Jacques Le Goff, Jean-Pierre Vernant, Dialogue sur l’histoire. Entretiens avec Emmanuel Laurentin

Carlamaria Lucci
p. 231-233
Référence(s) :

Jacques Le Goff, Jean-Pierre Vernant, Dialogue sur l’histoire. Entretiens avec Emmanuel Laurentin, Bayard, Montrouge, 2014, 92 p., 13 euros / isbn 978 2 227 48769 7

Texte intégral

1Par ce livre, paru après la mort de ses deux protagonistes, le journaliste Emmanuel Laurentin offre le témoignage d’une série de conversations avec Jean-Pierre Vernant (1914-2006) et Jacques Le Goff (1924-2014), diffusées en janvier 2004 par la chaîne radiophonique France culture. L’importance d’une telle publication est proportionnelle à son statut de document : la forme des entretiens croisés permet de comparer la biographie et l’œuvre de JPV à celles de JLG. Il devient possible par là de réfléchir à une question d’histoire de la culture : celle des rapports entre l’anthropologie historique de la Grèce ancienne et l’anthropologie historique de l’Occident médiéval.

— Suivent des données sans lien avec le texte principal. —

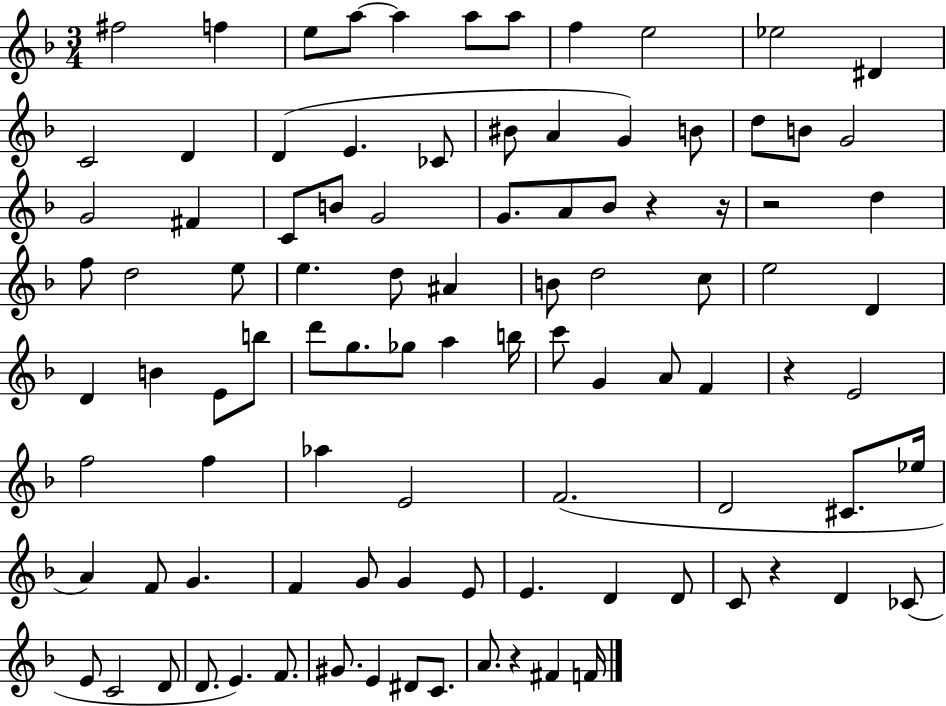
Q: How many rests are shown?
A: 6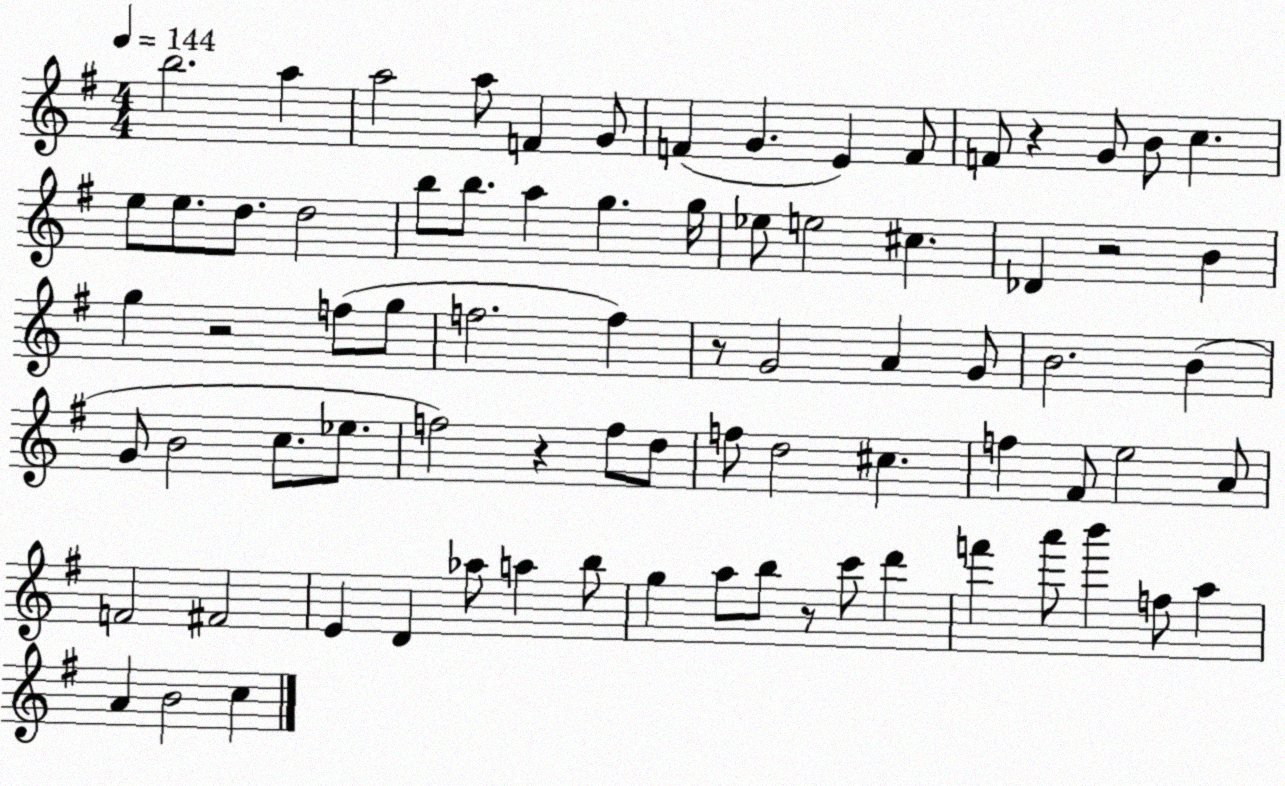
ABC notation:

2Des entretiens ressort la conscience, partagée par JPV et JLG, d’avoir suivi deux parcours de recherche contemporains et indépendants l’un de l’autre, mais con­vergents quant à l’approche historico-anthropologique des faits de civilisation. La question des origines ressort du premier entretien (Les maîtres). Philosophe de for­mation, JPV isole deux influences croisées : celle d’Ignace Meyerson, fondateur de la psychologie historique, avec qui il partagea les années de la résistance à Toulouse et, à partir d’après-guerre, celle de Louis Gernet, helléniste de formation durkheimienne, à son tour ouvert à l’influence de Meyerson. Ces évocations permettent de faire le pont avec les reconstructions historiographiques qui identifient, dans les travaux de Gernet postérieurs à 1948 et dans les recueils d’essais de Vernant des années 1960-1970 (Les origines de la pensées grecque, 1962 ; Mythe et Pensée, 1965, Mythe et Société, 1974), les jalons fondateurs d’une anthropologie de la Grèce ancienne spécifiquement historique (cf. R. Di Donato, Per un’antropologia storica del mondo antico, 1990). Pour sa part, JLG, historien de formation, reconnaît ses maîtres dans deux historiens, membres du jury pour son agrégation en 1950 : Fernand Braudel et Maurice Lombard. À ceux-ci, il ajoute l’influence déterminante de l’œuvre de Marc Bloch (1886-1944), historien et héros de la résistance. Or, on sait que la revue des Annales, que celui-ci fonda en 1929 avec Lucien Febvre, marqua l’intégration des objets de la sociologie durkheimienne dans le cadre de l’histoire, ainsi que l’émancipation de la discipline historique d’une approche strictement événementielle. La cohérence de JLG avec de telles origines est confirmée par la suite de sa biographie intellectuelle : proche de la revue des Annales, dirigée par Braudel (maître de la longue durée) dans les années 1950-1960, il parvint par la suite à promouvoir l’interlocution entre histoire et ethnologie. D’où la fondation d’une anthropologie historique de l’Occident médiéval, dont les bases théoriques et le programme, redevables, entre autres, aux travaux de Mauss, se trouvent déjà énoncés dans la préface à Pour un autre Moyen Âge (1977).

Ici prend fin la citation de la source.